It took me a moment, but I finally saw what he was
pointing at: something near the ceiling that resembled
the observation window of a 1930's dirigible, nosing
its way into the stage.
Goldwyn Studios, where Richard Portman and I were
working on the mix of "The Godfather," had
originally been United Artists, built for Mary
Pickford when she founded U.A. with Chaplin, Fairbanks
and Griffith in the early 1920's. By 1972, Stage 7 was
functioning as an attic stuffed with the
mysterious lumbering shapes of disused equipment
but it was there that Samuel Goldwyn produced one of
the earliest of his many musicals: "Whoopee"
(1930), starring Eddie Cantor and choreographed by
Busby Berkeley. And it was there that Goldwyn's
director of sound, Gordon Sawyer, sat at the controls
behind the Window, hands gliding across three Bakelite
knobs, piloting his Dirigible of Sound into a new
world . . . a world in which Sound was King.

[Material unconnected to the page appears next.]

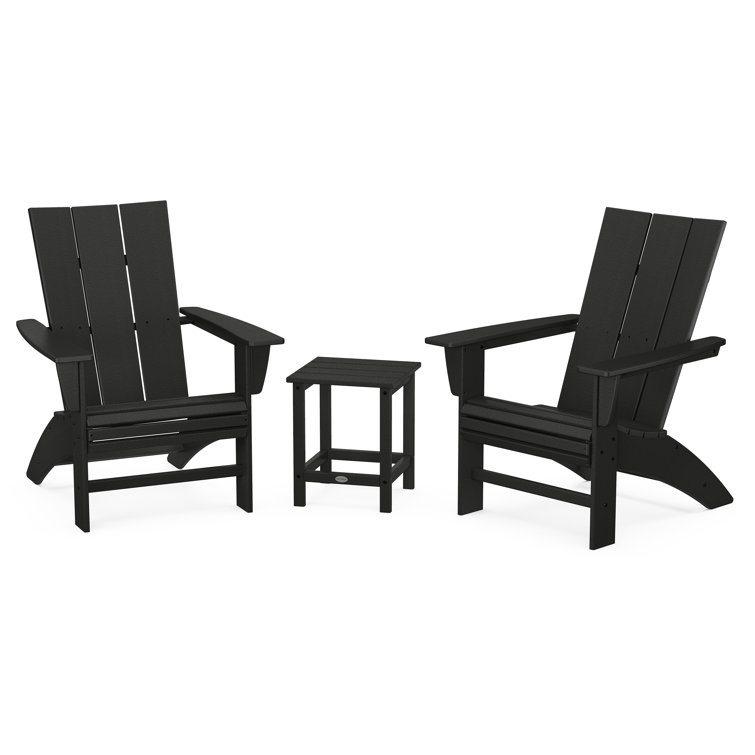 Ensemble moderne 3 pièces Adirondack Curveback avec table d'appoint Long Island 18 po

Down below, Eddie Cantor and the All-Singing, All-
Dancing Goldwyn Girls had lived in terror of the
distinguished Man Behind the Window. And not just the
actors: musicians, cameramen (Gregg Toland among
them), the director, the producer (Florenz Ziegfeld)
even Sam Goldwyn himself. No one could contradict
it if Mr. Sawyer, dissatisfied with the quality of the
sound, leaned into his microphone and pronounced
dispassionately but irrevocably the word
"Cut!"
By 1972, 45 years after his exhilarating
coronation, King Sound seemed to be living in
considerably reduced circumstances. No longer did the
Man Behind the Window survey the scene from on high.

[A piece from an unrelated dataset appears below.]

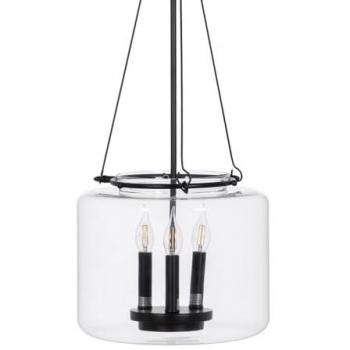 Lámpara de Techo Negro Cristal Hierro 220-240 V 35 x 35 x 72 cm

Instead the sound recordist was usually stuck in some
dark corner with his equipment cart. The very idea of
his demanding "Cut!" was inconceivable: not
only did none of them on the set fear his opinion,
they hardly consulted him and were frequently
impatient when he did voice an opinion. Forty-five
years seemed to have turned him from king to footman.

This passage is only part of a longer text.